Brain fingerprinting

For top-secret reasons too lengthy to be discussed here, I was researching lie detector tests today. That led me to an interesting Wikipedia article on something I’ve never heard of: brain fingerprinting. Basically, the idea is that when you are confronted with a word or image that you’re familiar with, your brain reacts differently than it would if the object was unfamiliar. And there are techniques and tools that can measure these brain changes. So, for instance, if you suspected a man was sleeping with your wife, you could kidnap him, drag him to your secret compound, hook him up to the brain fingerprinting device and show him an image of your wife. If his brain insinuated that he was familiar with her visage, you could confidently torture him to death. There may be other uses as well.

Here’s a bit of info…

Brain fingerprinting was invented by Lawrence Farwell. The theory is that the brain processes known and relevant information differently from the way it processes unknown or irrelevant information (Farwell & Donchin 1991). The brain’s processing of known information, such as the details of a crime stored in the brain, is revealed by a specific pattern in the EEG (electroencephalograph) (Farwell & Smith 2001, Farwell 1994). Farwell’s brain fingerprinting originally used the well-known P300 brain response to detect the brain’s recognition of the known information (Farwell & Donchin 1986, 1991; Farwell 1995a). Later Farwell discovered the P300-MERMER (“Memory and Encoding Related Multifaceted Electroencephalographic Response”), which includes the P300 and additional features and is reported to provide a higher level of accuracy and statistical confidence than the P300 alone (Farwell & Smith 2001, Farwell 1994, Farwell 1995b, Farwell et al. 2012). In peer-reviewed publications Farwell and colleagues report less than 1% error rate in laboratory research (Farwell & Donchin 1991, Farwell & Richardson 2006) and real-life field applications (Farwell & Smith 2001, Farwell et al. 2012). In independent research William Iacono and others who followed identical or similar scientific protocols to Farwell’s have reported a similar low level of error rate and high statistical confidence (e.g., Allen & Iacono 1997).

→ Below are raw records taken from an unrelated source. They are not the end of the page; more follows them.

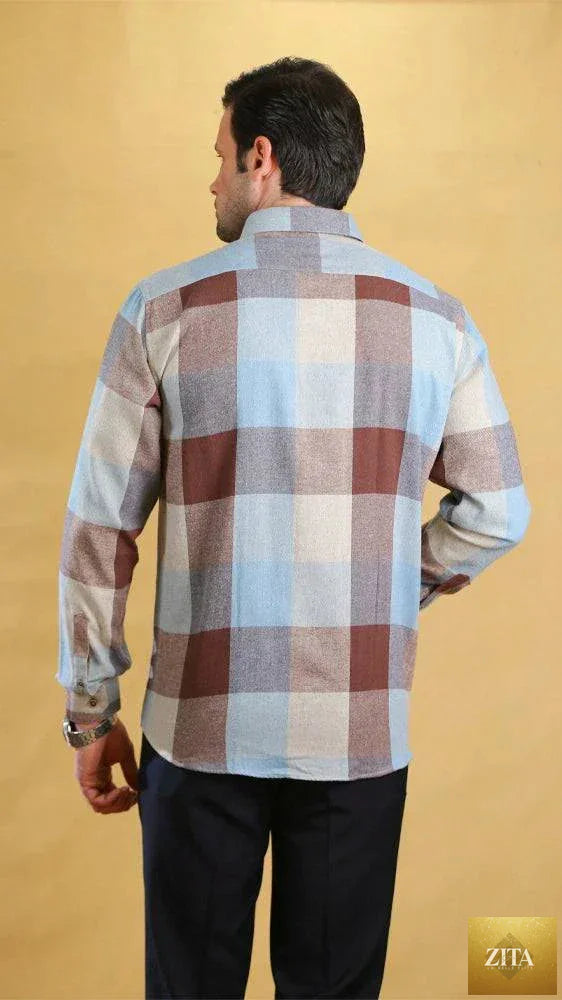 Bright Moons Woodsman shirt with plaid pattern, button-up style, and rugged outdoor-inspired design in earthy tones.
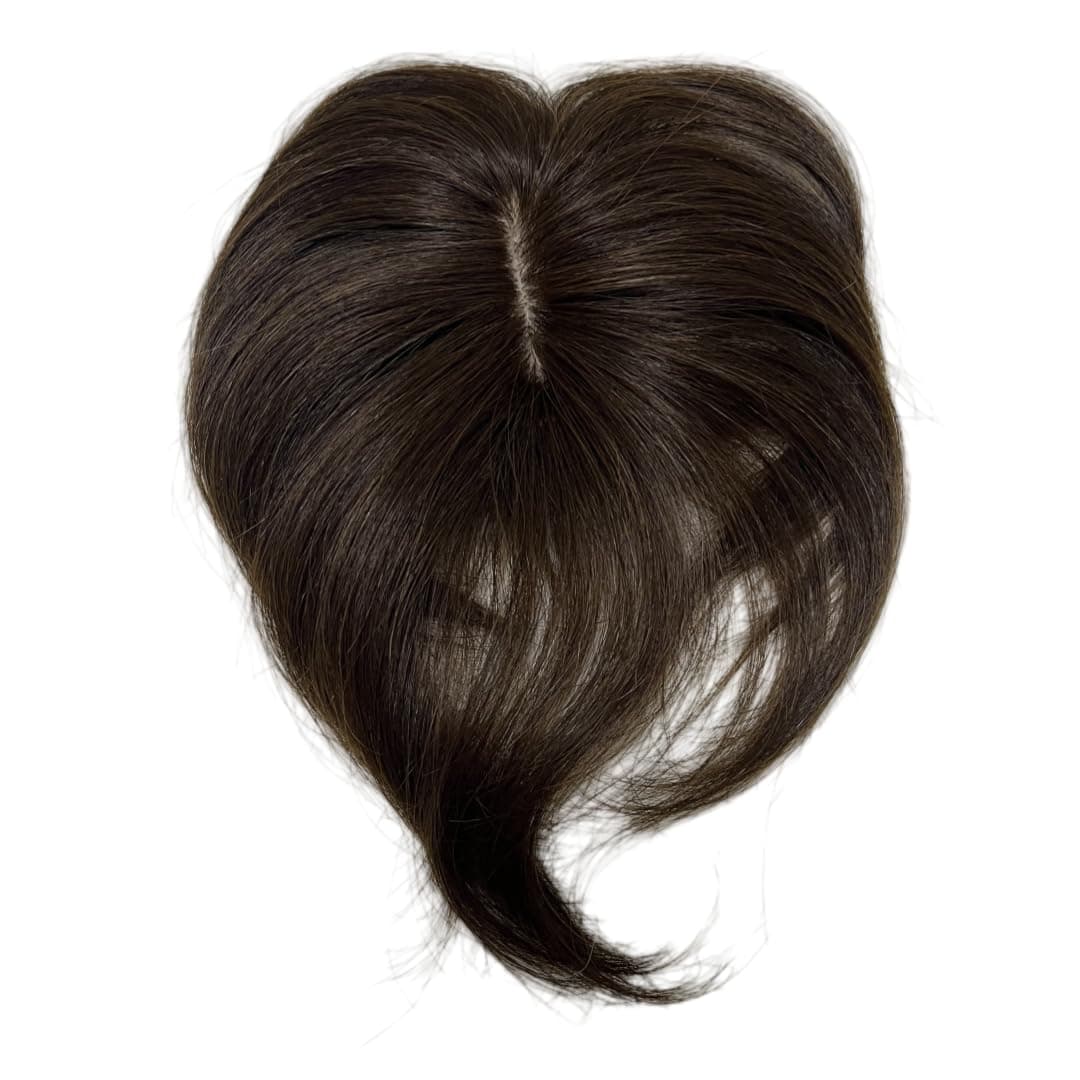 Anemone Jewelry 100% Human Hair Topper Toupee Light Thin Clip in Hair Bangs for Women and Men 6 inches Middle Part Straight Hairpieces for Mild Hair Loss Volume (Dark Brown)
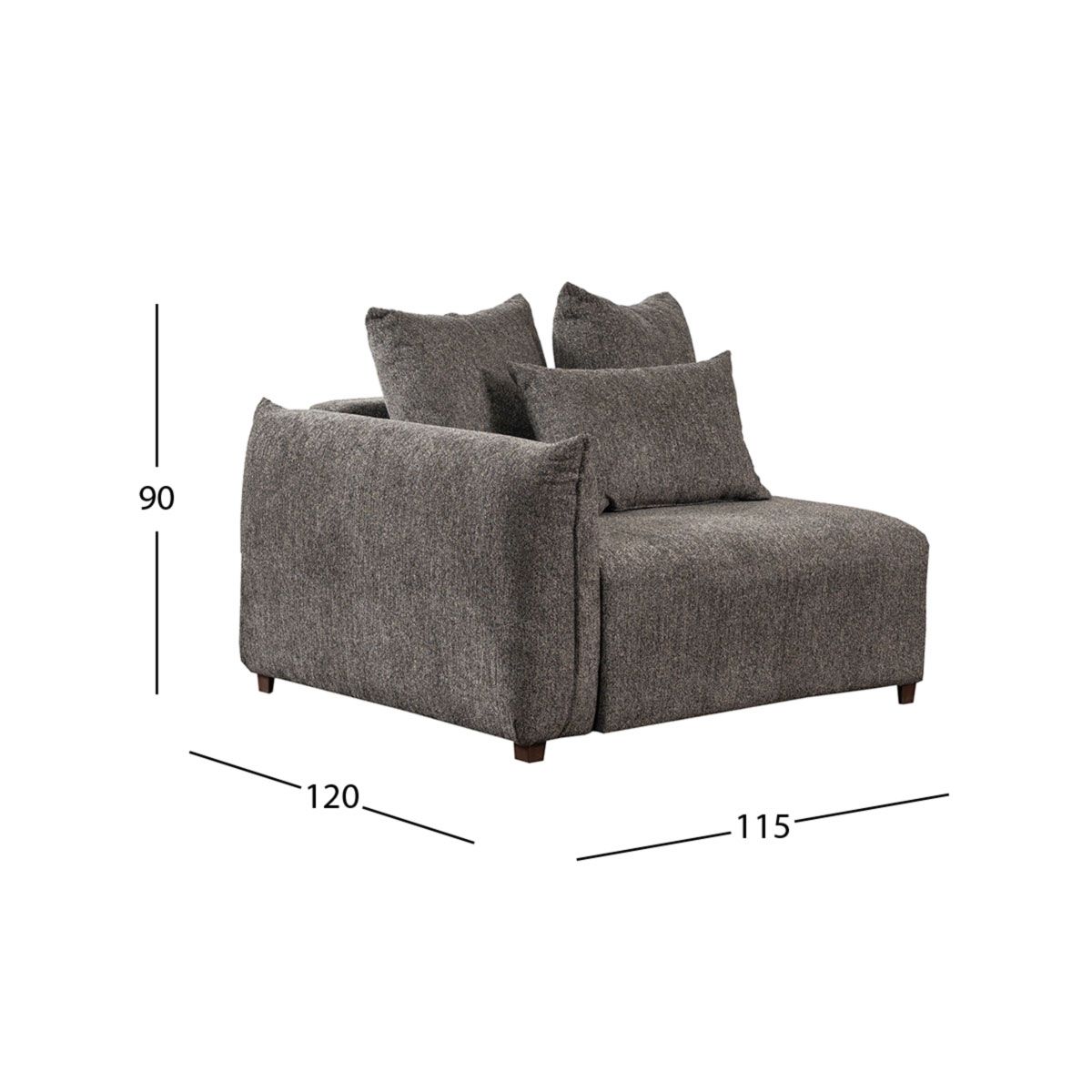 Sillón Brazo Izquierdo Molarin CL Gris Oscuro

To ensure accuracy and statistical confidence, brain fingerprinting tests are conducted according to specific scientific standards, which are specified in Farwell 2012 and Farwell et al. 2012).

Brain fingerprinting has been applied in a number of high-profile criminal cases, including helping to catch serial killer JB Grinder (Dalbey 1999) and to exonerate innocent convict Terry Harrington after he had been falsely convicted of murder (Harrington v. State 2001). Brain fingerprinting has been ruled admissible in court (Harrington v. State 2001, Farwell & Makeig 2005, Farwell 2012).

Of course, the technique has been criticized. If you’re interested, you can read details at the article.

3 Responses to “Brain fingerprinting”

  1. John Saleeby

    Did you know that there is a band called The Mountain Goats? That’s not a very good band name.

    My First Post of 2013!

  2. Wil

    If you were fingerprinting my brain you would know whether I knew there was a band named the Mountain Goats.

  3. John Saleeby

    Patti Page died yesterday and it looks like my lap top did, too. . . .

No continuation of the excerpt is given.